Nos Estados Unidos, as meninas disputam torneios e jogam futebol em um nível competitivo desde os 10 anos de idade. São milhares de clubes disponíveis para elas fazerem peneiras já nesta idade. Desde muito cedo, começam a ter rotina de atleta, com treinos pelo menos três vezes por semana, jogos todos os finais de semana, lidam com as frustrações das derrotas e as alegrias das vitórias construídas com o time dentro de campo. Uma vivência que faz com que elas cheguem ao profissional com um preparo absoluto. Elas chegam à seleção principal já formadas como atletas, prontas para lidar com pressão, cobranças, e com toda a estrutura necessária para apenas JOGAR FUTEBOL. Elas não precisam se preocupar com nada além disso.

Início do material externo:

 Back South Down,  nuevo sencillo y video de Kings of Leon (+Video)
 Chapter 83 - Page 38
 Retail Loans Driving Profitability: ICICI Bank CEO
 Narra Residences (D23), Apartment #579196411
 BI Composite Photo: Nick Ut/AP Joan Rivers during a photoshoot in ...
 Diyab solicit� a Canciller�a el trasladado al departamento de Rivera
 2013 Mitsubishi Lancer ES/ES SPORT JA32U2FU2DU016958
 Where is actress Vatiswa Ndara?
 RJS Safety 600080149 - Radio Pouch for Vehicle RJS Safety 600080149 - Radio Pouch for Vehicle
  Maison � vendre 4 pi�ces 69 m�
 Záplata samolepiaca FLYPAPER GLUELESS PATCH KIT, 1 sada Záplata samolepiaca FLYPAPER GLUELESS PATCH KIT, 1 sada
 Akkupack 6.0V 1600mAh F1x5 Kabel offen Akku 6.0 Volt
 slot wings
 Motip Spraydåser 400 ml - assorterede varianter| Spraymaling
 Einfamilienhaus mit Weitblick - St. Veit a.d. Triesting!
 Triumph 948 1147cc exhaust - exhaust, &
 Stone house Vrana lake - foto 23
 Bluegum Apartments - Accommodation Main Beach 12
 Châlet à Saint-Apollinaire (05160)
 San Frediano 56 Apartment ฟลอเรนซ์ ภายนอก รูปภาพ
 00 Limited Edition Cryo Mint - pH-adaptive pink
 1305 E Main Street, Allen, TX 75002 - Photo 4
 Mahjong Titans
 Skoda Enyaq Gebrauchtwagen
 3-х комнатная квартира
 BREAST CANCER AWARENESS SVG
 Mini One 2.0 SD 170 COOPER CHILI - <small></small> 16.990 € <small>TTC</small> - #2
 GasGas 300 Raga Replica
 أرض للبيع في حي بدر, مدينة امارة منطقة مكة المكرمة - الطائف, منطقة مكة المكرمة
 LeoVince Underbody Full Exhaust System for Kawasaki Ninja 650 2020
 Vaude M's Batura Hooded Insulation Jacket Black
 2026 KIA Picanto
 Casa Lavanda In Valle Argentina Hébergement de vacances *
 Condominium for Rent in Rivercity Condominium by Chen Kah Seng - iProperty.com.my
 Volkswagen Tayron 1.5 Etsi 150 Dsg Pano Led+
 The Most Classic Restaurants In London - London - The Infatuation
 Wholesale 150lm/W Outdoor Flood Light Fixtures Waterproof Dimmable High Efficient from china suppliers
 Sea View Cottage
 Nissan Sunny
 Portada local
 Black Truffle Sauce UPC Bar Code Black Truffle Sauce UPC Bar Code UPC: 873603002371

Hoje, os Estados Unidos não têm o campeonato mais forte do mundo no futebol feminino, nem é para lá que as jogadoras mais novas sonham em ir no futuro – a ambição delas atualmente está muito mais voltada para disputar a Champions League ou vestir a camisa do hexacampeão europeu Lyon, do que em ir para terras americanas. Mas para as meninas, a melhor base do mundo ainda é os Estados Unidos. Ninguém trabalha tão bem a iniciação das garotas no esporte – e especialmente no futebol – quanto eles.
O resultado está aí: o time tricampeão do mundo, tetracampeão olímpico, que “parece um time masculino jogando”. Talvez pareça mesmo, já que essa é a única seleção no mundo que teve uma estrutura na base tão completa quanto qualquer time de elite do futebol dos homens. Podemos, sem medo, dizer que os Estados Unidos são “o país do futebol” para meninas.
Seguimos admirando e torcendo para que essa realidade das americanas não seja mais a exceção no futebol feminino e vire de vez a regra em qualquer lugar do mundo.